La CPE, Ludivine Perrier, est plus circonspecte : « Le service absences de Lilie a des qualités. Les tableaux de bord sont très bien, clairs, lisibles, exploitables. Les outils de publipostage aussi sont très réactifs et l’impression fonctionne bien. La création des motifs d’absence également, c’est très pratique. Mais ce qui ne va pas, ce sont les données. Des élèves apparaissent alors qu’ils ne sont plus dans l’établissement. Les statistiques ne sont pas fiables. On a des problèmes au changement de semestre avec le nouvel emploi du temps. Pour être sûre d’avoir les bonnes données, je dois reconfigurer, c’est fastidieux… »

La CPE n’est pas la seule à réclamer des évolutions et des améliorations dans le fonctionnement. Le proviseur adjoint a même établi, à l’occasion de la visite, une liste que les développeurs de l’ENT pourraient considérer avec attention.

  • Pouvoir visualiser simplement l’emploi du temps d’une salle, d’un professeur et d’une classe (la fonctionnalité actuelle n’est pas lisible car elle garde en mémoire tous les groupes anciennement créés qui se chevauchent) ;
  • Pouvoir importer des notes saisies dans un tableau (de type Excel) : la saisie à la main est peu pratique (pas de copier/coller) ;
  • Pouvoir ajouter des classes hors base élèves (ex : classe en alternance du Greta) ;
  • Avoir plus de souplesse dans la mise en forme des documents édités, par exemple des bulletins ;
  • Régler les problèmes d’export APB notamment au niveau des nomenclatures utilisées et des appréciations manquantes ;
  • Prévoir un archivage des bulletins.

Du côté des enseignants et des élèves

Les enseignants s’acquittent avec conscience de leurs obligations : saisie des absences, des notes et du cahier de textes. Chantal Donz, professeure de français et Souad Rhina, professeure d’éco-gestion en témoignent. Mais elles aussi souhaiteraient des services plus simples à l’usage : « trop de clics ! trop de mots de passe ! ».

Chantal Donz et Souad Rhina, professeures

Chantal Donz et Souad Rhina, professeurs de lettres et d'éco-gestion



Adel, lycéen

Adel, élève de seconde TFCA, s’absente quelques minutes de son cours de boxe pour évoquer ses usages du numérique.

Lilie ? : « les professeurs nous en ont parlé, c’est pour les notes, le cahier de textes, les absences, mais non, je n’y vais pas. Par contre, le professeur de technologie nous envoie le cours sur notre boite Gmail à chaque cours. C’est pratique ».

Twitter, Snapchat et Whatsapp font partie des réseaux qu’Adel utilise très régulièrement : « Facebook par contre, je n’y vais plus, ça ne m’intéresse plus. »





A suivre…

Beaucoup reste à faire pour développer les usages du numérique au lycée Michelet et, en particulier, ceux de Lilie. L’établissement manque de moyens pour administrer son réseau interne.
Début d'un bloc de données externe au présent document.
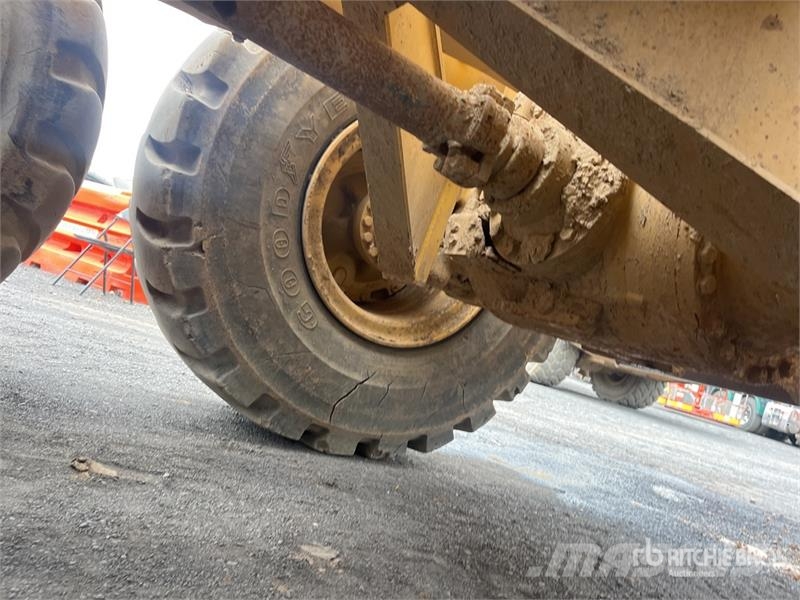 CAT 730C2 Dumper - Knickgelenk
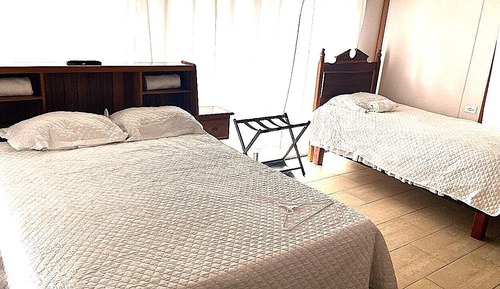 Cabaña, varias camas (one double and one single)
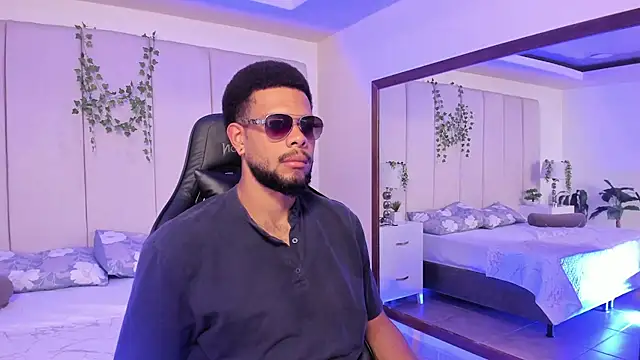 Snapshot of cero_khalifa chatting on 04.12.26 cero khalifa online show from 04.12.26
Depuis quelques mois, un agent de la Région chargé de la maintenance du parc informatique (OPTIC) consacre une journée par semaine à la réalisation d'un inventaire. Il devrait à terme se charger de la maintenance de premier niveau. 

Les conditions sont réunies pour passer à la prochaine étape envisagée par Nadine Riu pour développer les usages de Lilie au-delà des services de vie scolaire : « Pour les besoins de l'administration, nous utilisons l’agenda électronique Google mais nous souhaiterions pouvoir utiliser l'agenda de Lilie pour tout ce qui concerne la vie de l'établissement : sorties, voyages, examens. Les élèves et les familles y ont accès. Cela donnerait de la visibilité à la dynamique de l'établissement. Pour les projets Comenius, nous avons demandé aux familles leur adresse mail pour pouvoir échanger avec eux via Internet. Ce serait tellement mieux si nous pouvions passer par la messagerie de Lilie ! »

La DATICE (délégation académique aux TICE) prépare, pour les prochains mois, un programme de sensibilisation et de formation des enseignants et de tous les personnels aux usages de Lilie.

Ce sera l’occasion d’une nouvelle visite au lycée Michelet.